## Problem description:
Please write out the data that follows, word for word.

## Input data:
▬▬▬▬▬▬▬▬▬▬
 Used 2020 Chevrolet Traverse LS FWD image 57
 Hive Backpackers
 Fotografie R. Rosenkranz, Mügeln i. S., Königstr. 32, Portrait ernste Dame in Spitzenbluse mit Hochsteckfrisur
▬▬▬▬▬▬▬▬▬▬
## Problem solution:
 Used 2020 Chevrolet Traverse LS FWD image 57
 Hive Backpackers
 Fotografie R. Rosenkranz, Mügeln i. S., Königstr. 32, Portrait ernste Dame in Spitzenbluse mit Hochsteckfrisur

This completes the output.